Due scienziati italiani negli Usa sparano a zero sulle cellule camaleontiche del cancro: la caccia che promette di rompere le regole del gioco

Due scienziati italiani negli Usa sparano a zero sulle cellule camaleontiche del cancro: la caccia che promette di rompere le regole del gioco

Le cellule tumorali sfuggenti, veri lupi solitari che si staccano dalla mandria, cambiano faccia a piacimento e giocano a nascondino con la medicina, continuano a essere una rogna per la scienza. Ma non temete, un team di cervelloni italiani, trapiantati negli Stati Uniti, è riuscito a individuarle e studiarle grazie a strumenti talmente all’avanguardia da far invidia a qualsiasi blockbuster di fantascienza. I risultati, appena usciti su Cancer Cell, promettono di svelare qualche segreto in più sulla maledetta plasticità tumorale.
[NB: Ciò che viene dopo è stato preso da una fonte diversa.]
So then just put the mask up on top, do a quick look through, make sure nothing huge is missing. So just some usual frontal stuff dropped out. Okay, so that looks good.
A fare gli onori di casa sono Anna Lasorella, co-direttrice del Sylvester Brain Tumor Institute (SBTI) e capo della Precision Medicine Initiative dello stesso centro, insieme a Antonio Iavarone, il direttore del SBTI e vice direttore del Sylvester Cancer Center all’Università di Miami. Questa coppia d’oro punta i riflettori sul nemico numero uno: un tumore spietato chiamato glioblastoma, con un tempo medio di sopravvivenza che mal volentieri supera un anno dalla diagnosi. Ah, e per chi si illude che il problema finisca con il trattamento iniziale: si sbaglia di grosso, perché il glioblastoma recidiva quasi sempre, e le recidive sono sempre più dure da sconfiggere.
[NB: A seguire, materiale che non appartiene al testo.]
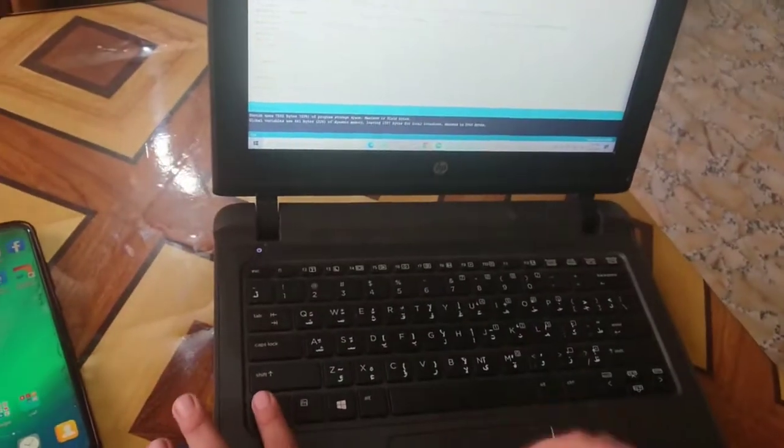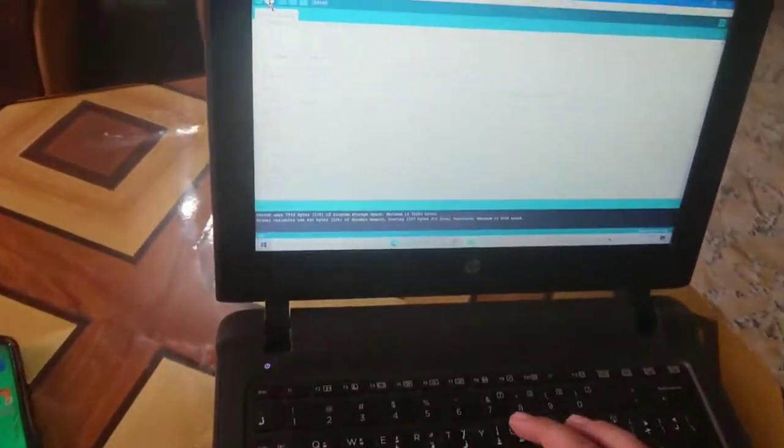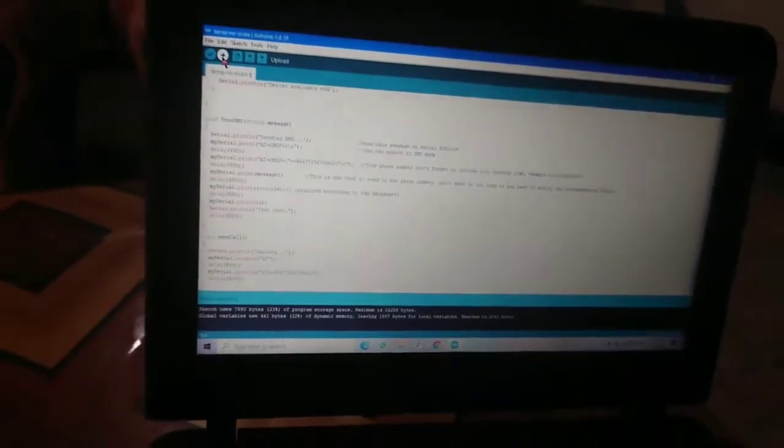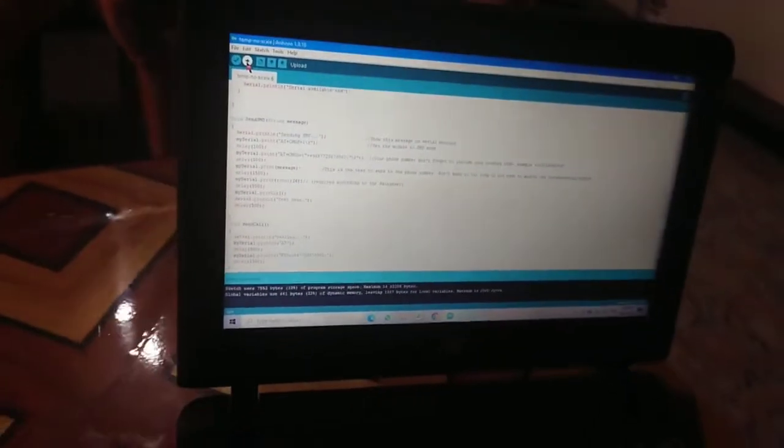Now I'll enter the phone number and upload the code to the board.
Partendo da questa bella situazione, i nostri scienziati hanno fatto un passo avanti da manuale. Usando una piattaforma chiamata CosMx nel cuore della Miller School of Medicine, sempre a Miami, sono finalmente riusciti a vedere le cellule tumorali nel loro ambiente naturale, classificandole singolarmente senza scomporre il tessuto come si faceva prima. La scoperta? Le cellule del glioblastoma che si tengono compagnia, quelle in gruppo, sono meno letali. Le vere star tragiche sono quelle che si disperdono da sole: queste signore e signori sono delle trasformiste indomite, dotate di una plasticità degna di un contorsionista da circo, capaci di cambiare forma e stato a piacimento.
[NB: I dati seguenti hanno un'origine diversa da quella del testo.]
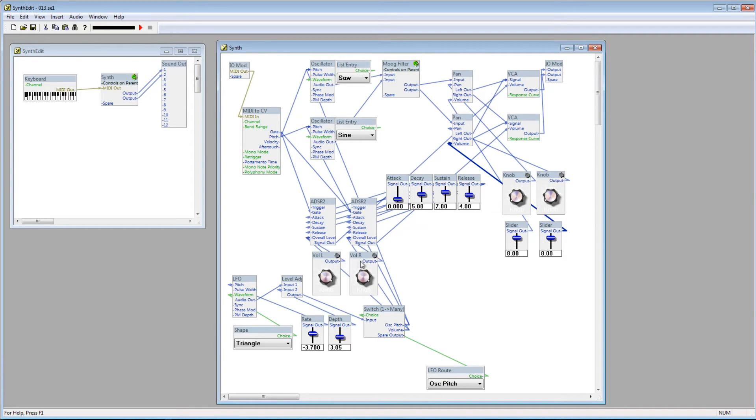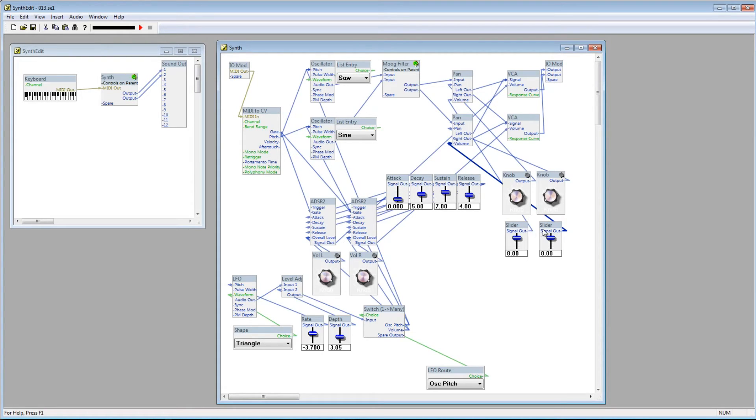So, we have these volume controls over here, which take care of the left and right volume, and these two volume controls, which take care of the oscillator's volume. You can pan each oscillator to the left or right channel with these knobs.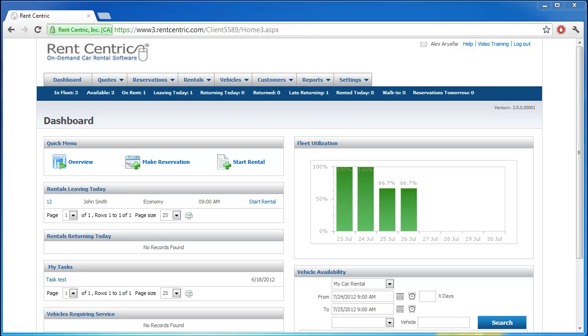Hi, my name is Alex, CTO at RentCentric, and for the next few minutes, I would like to show you how to create a quote, reservation, and perform a rental in RentCentric version 3.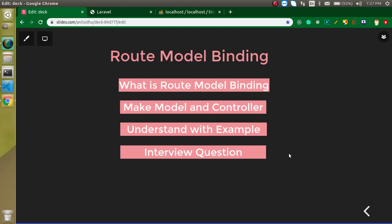Hi everyone, welcome back to my channel. My name is Anil and in this Laravel video tutorial we will learn what is route model binding. These are the points we are going to cover: first, what is route model binding; then we need to make at least one model and one controller to make an example; and at the last I will ask you a question you can attempt in the comment box.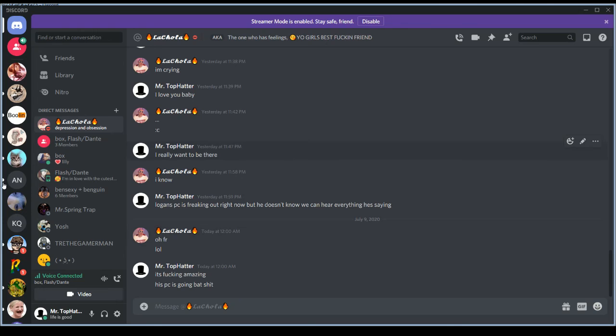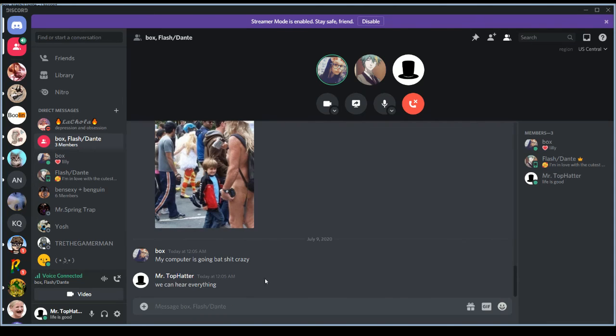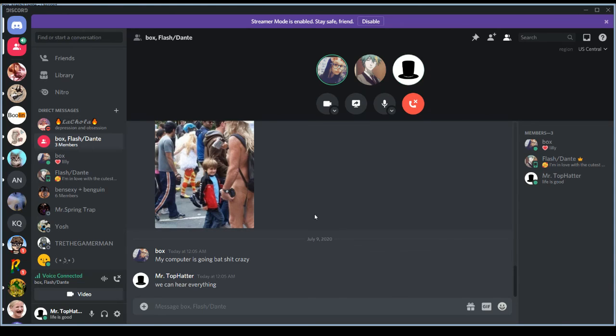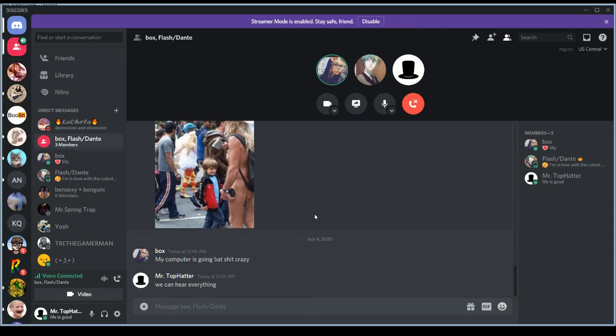This thing's a potato. Some alien chode slid into the USB ports and infected this thing. He's going Boston, dude. Oh my god.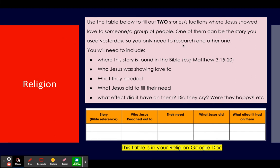There are only two rows in the table, as you can see. One of them would be the story you already did yesterday, so you only need to research one other one. The first thing you need to include is the Bible reference — where is the story? Which book in the Bible, which chapter, and which verses? Include that there.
Dimenticate per un attimo i buoni propositi della medicina: la plasticità è proprio quell’attributo che rende il cancro un avversario fastidioso, soprattutto perché le cellule plastiche sfuggono alle terapie e garantiscono risultati peggiori per i poveri pazienti. Peccato che fino a ieri nessuno avesse ancora capito da dove arriva tutta questa malefica plasticità. Bene, qui entra in scena la genialata di Lasorella e Iavarone, che spostano la lente d’ingrandimento sulle relazioni spaziali tra le cellule. Per loro, in poche parole, è tutta una questione di geografia.

Antonio Iavarone ha detto:

“Da anni sappiamo che l’aggressività estrema di tumori come il glioblastoma deriva dalla capacità di alcune cellule di adattarsi e sopravvivere ad ambienti ostili, che mancano di ossigeno o sono pieni di farmaci tossici come la chemioterapia. Questa capacità si chiama plasticità, ovvero la capacità di cambiare continuamente. Ci siamo chiesti perché alcune cellule rimangono statiche e vulnerabili mentre altre si trasformano e resistono.”

La risposta, per fortuna (o purtroppo, a seconda dei punti di vista), non è ancora nascosta nel folklore, ma in serie di analisi computazionali nuove di zecca e in tecnologie super potenti che permettono di studiare le caratteristiche delle singole cellule mantenendo il loro contesto. Perché, lo ribadiamo, la posizione geografica, anche a livello cellulare, fa la differenza tra una vittima sacrificale e un imbroglione resistente.